What lines in the entries hold the string "Hotel"? List them.

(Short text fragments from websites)
----

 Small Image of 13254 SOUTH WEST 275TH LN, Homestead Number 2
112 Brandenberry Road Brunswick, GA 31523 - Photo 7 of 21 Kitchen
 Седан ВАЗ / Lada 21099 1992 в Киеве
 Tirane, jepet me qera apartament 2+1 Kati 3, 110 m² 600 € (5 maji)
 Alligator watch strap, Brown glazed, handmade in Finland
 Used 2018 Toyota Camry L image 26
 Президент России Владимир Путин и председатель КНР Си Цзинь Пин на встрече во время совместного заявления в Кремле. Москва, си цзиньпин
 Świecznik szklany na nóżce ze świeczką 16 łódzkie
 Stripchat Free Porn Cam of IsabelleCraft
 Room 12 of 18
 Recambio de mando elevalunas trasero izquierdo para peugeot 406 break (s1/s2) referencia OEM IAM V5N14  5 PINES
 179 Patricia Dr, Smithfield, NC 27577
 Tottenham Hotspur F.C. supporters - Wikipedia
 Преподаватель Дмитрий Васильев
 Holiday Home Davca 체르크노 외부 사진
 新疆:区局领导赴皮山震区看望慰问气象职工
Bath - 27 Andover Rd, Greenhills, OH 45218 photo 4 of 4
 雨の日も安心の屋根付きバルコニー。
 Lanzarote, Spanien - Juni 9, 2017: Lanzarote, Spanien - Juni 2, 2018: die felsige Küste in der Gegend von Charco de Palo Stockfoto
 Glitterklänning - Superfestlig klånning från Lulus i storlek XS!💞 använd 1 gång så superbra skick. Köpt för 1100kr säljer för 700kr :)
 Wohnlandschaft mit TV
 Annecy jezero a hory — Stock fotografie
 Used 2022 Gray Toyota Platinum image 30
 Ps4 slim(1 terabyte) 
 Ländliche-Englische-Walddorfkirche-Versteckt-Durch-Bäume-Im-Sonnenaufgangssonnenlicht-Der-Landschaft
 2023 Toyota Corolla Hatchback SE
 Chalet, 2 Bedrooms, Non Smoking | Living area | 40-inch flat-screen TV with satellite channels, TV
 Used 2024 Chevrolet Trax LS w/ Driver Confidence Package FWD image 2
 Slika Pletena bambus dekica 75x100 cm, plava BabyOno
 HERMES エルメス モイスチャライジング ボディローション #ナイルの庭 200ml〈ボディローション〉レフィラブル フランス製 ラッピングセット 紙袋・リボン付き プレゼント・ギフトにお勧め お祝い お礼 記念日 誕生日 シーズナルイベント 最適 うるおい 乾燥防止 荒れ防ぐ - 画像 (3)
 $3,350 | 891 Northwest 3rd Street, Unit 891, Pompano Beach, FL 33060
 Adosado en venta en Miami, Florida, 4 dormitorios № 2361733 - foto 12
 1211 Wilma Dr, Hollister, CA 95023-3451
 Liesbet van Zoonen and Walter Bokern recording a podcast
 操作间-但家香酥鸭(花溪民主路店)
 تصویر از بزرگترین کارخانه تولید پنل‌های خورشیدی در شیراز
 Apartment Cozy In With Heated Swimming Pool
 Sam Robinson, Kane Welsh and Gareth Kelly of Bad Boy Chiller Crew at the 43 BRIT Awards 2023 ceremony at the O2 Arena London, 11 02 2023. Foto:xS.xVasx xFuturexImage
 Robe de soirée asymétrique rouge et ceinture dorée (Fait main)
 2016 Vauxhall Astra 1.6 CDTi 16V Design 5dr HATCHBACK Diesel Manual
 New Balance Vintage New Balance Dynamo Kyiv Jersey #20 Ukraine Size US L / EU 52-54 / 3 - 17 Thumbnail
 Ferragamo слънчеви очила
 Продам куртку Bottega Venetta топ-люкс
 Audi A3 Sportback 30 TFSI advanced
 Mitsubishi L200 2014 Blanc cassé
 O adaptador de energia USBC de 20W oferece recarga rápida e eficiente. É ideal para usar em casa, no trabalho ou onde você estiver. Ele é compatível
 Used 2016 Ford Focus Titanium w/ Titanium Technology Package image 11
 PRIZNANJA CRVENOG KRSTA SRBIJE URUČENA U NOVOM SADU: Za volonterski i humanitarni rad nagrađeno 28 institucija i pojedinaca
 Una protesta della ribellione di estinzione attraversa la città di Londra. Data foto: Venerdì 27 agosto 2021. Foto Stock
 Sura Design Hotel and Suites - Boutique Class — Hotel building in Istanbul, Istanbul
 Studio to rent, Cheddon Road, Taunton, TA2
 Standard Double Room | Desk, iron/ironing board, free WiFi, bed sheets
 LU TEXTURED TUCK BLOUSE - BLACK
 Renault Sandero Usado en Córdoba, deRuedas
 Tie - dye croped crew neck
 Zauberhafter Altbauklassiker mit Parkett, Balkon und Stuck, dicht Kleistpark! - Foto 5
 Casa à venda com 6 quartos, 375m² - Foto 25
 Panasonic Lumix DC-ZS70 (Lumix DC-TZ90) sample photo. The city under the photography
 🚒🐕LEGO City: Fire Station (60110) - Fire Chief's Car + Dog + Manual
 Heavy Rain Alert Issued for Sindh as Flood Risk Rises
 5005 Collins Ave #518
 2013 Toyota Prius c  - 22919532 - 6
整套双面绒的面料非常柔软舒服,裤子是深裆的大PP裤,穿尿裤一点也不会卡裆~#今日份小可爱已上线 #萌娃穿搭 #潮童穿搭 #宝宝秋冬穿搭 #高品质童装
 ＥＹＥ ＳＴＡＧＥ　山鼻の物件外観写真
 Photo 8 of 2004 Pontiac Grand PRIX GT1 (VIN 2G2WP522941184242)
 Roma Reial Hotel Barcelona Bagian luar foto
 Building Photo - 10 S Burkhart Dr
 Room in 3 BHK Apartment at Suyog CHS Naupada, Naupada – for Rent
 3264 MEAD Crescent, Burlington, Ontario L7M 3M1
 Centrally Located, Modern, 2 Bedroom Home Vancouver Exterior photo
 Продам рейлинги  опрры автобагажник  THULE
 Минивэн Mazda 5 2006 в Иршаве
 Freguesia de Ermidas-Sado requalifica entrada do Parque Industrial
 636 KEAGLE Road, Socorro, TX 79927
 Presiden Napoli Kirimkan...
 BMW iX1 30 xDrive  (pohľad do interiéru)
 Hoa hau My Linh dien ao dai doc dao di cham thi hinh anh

----

Answer for this exercise =>
 Sura Design Hotel and Suites - Boutique Class — Hotel building in Istanbul, Istanbul
 Roma Reial Hotel Barcelona Bagian luar foto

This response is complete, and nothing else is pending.